» **THE PROBLEM**: Every line of the listing below from the one with "(Wishlist) M&M'S Green Character w/Basket" up to and including the one with "Donald Trump con" should be retyped exactly, and nothing else; pictures are not part of the copy.

» **MATERIAL FOR THIS EXERCISE**:
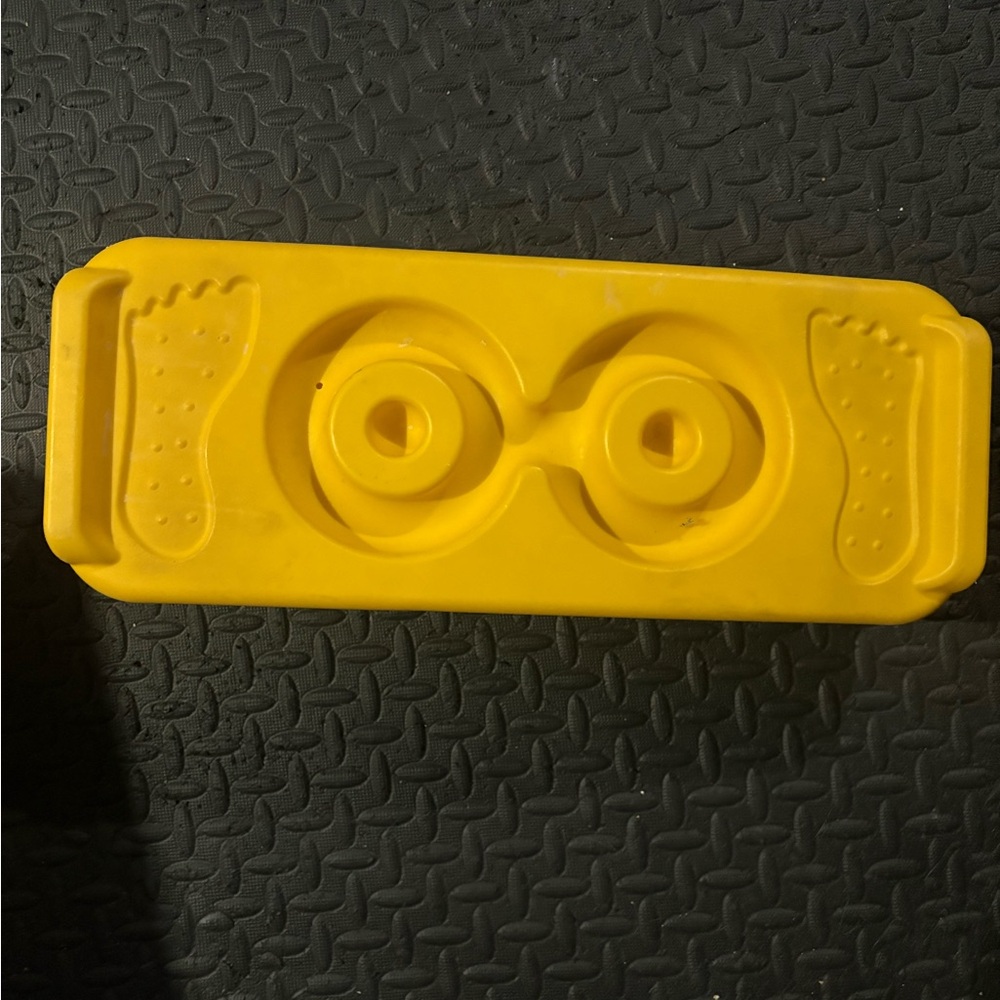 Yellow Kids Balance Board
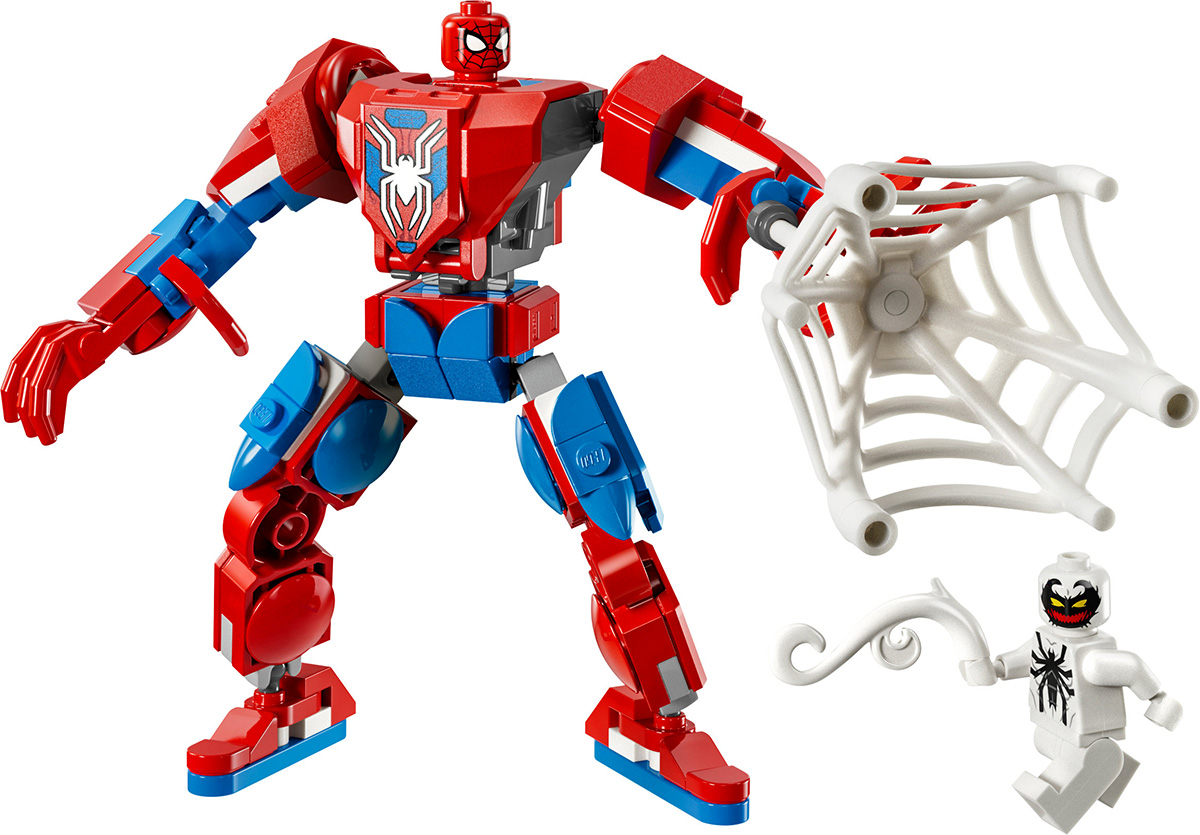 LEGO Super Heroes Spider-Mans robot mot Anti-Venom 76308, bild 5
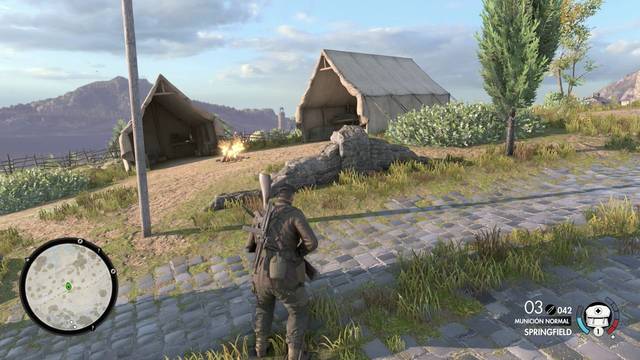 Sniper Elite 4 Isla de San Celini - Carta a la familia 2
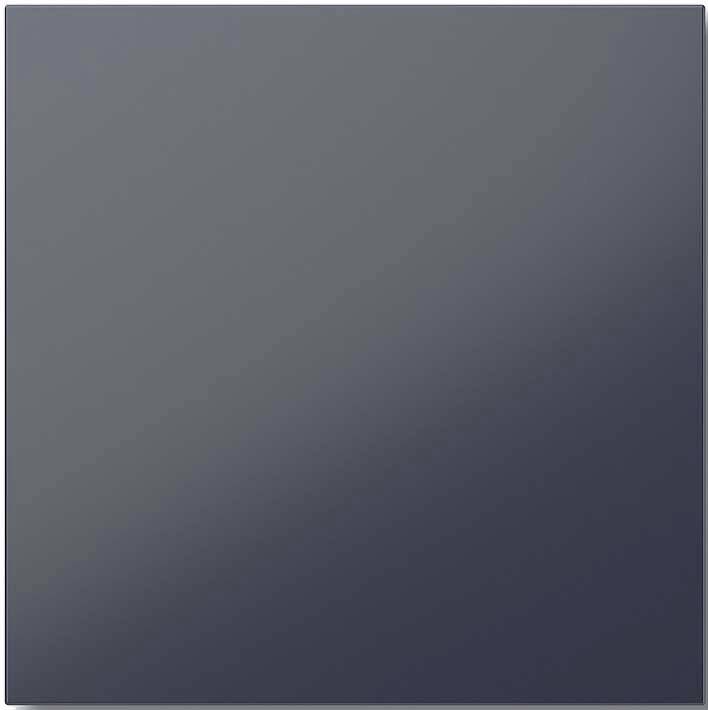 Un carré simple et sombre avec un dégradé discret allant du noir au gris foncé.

* * *

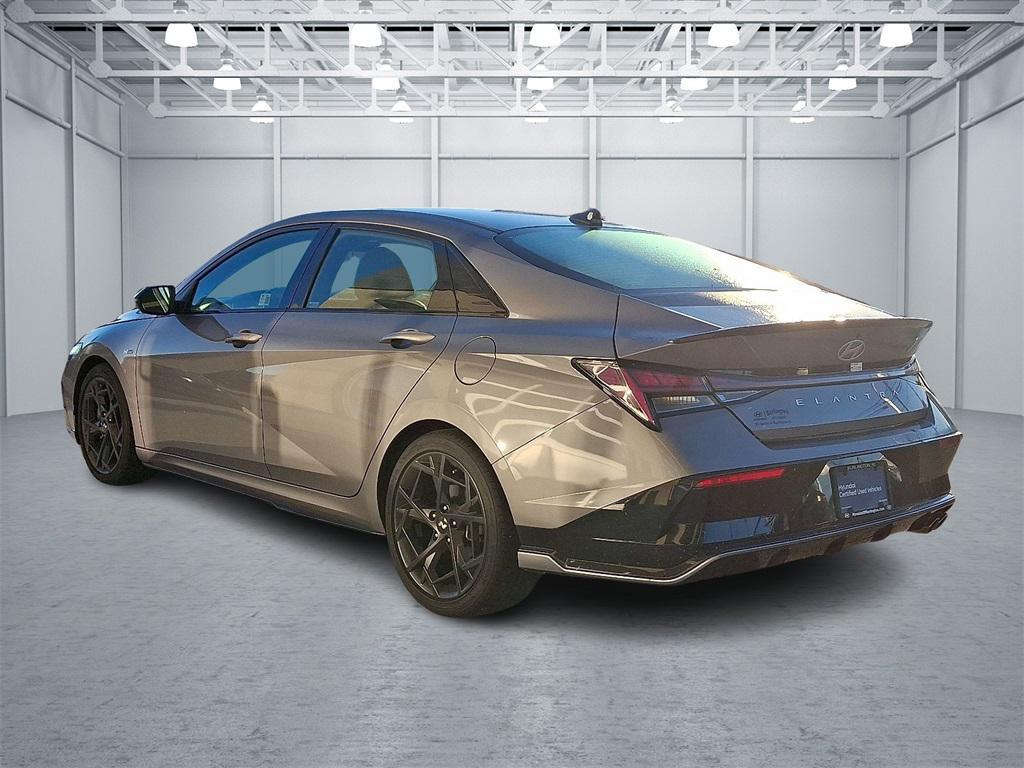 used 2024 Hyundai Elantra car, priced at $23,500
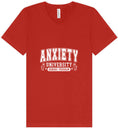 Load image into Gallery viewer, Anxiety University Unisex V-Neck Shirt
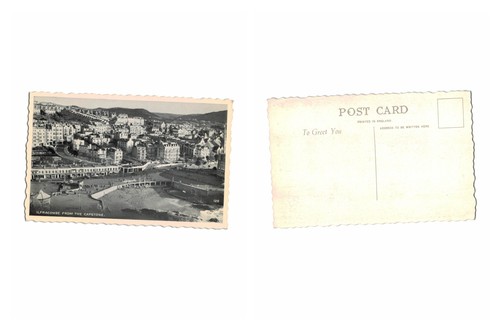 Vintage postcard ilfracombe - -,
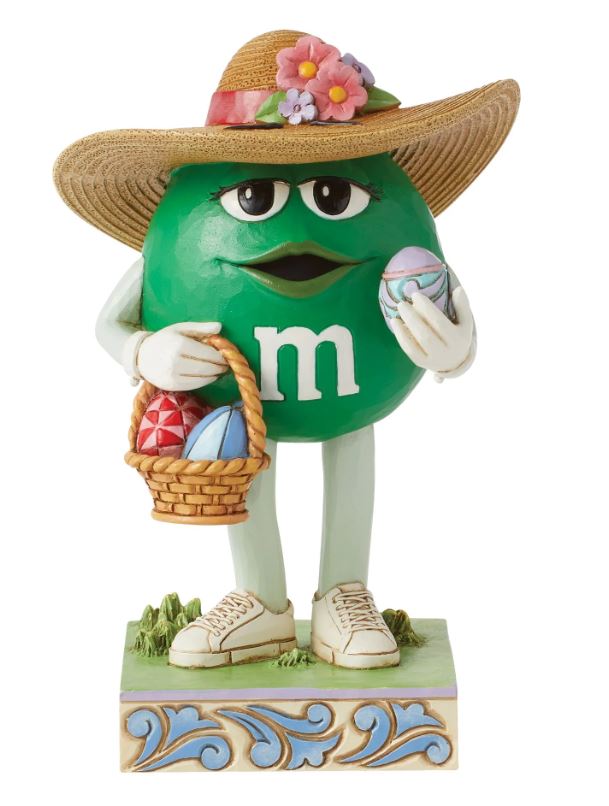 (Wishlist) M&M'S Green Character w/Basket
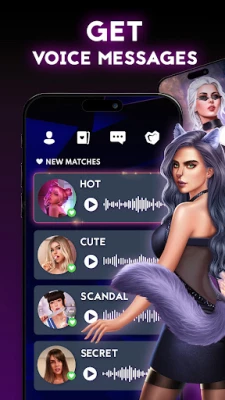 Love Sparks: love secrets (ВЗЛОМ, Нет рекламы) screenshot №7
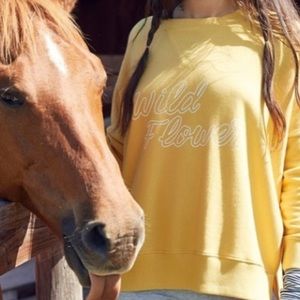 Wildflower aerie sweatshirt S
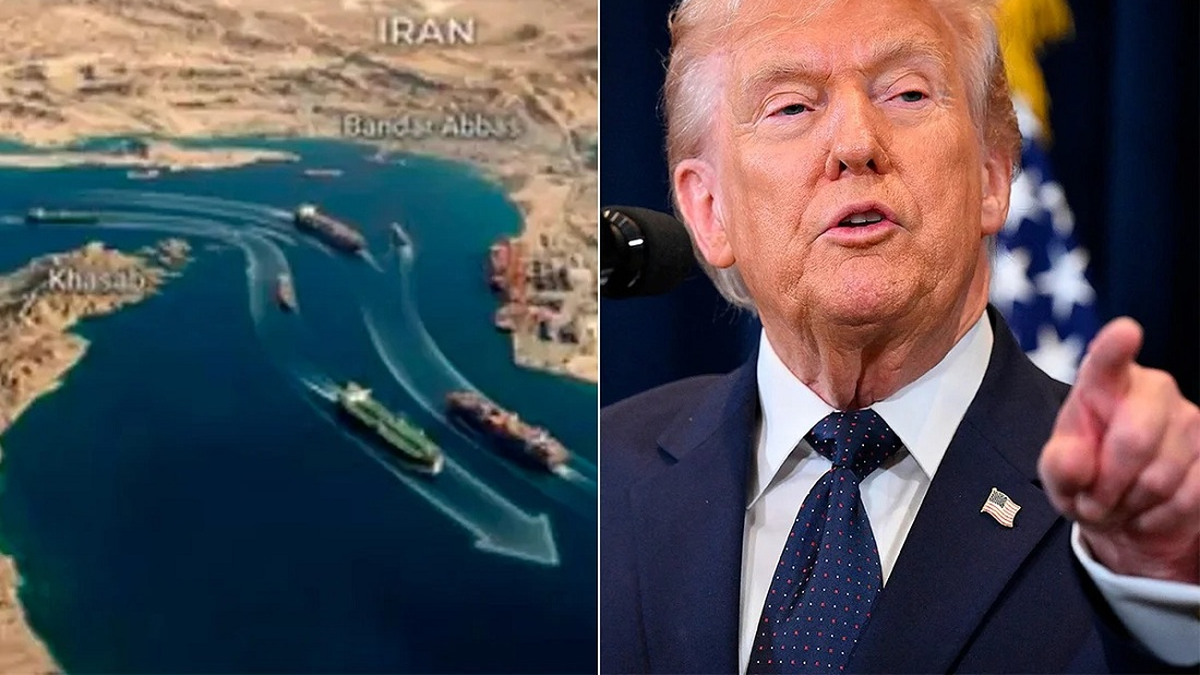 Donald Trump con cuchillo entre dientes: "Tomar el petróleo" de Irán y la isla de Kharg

» **RESPONSE TO THIS EXERCISE**:
 (Wishlist) M&M'S Green Character w/Basket
 Love Sparks: love secrets (ВЗЛОМ, Нет рекламы) screenshot №7
 Wildflower aerie sweatshirt S
 Donald Trump con cuchillo entre dientes: "Tomar el petróleo" de Irán y la isla de Kharg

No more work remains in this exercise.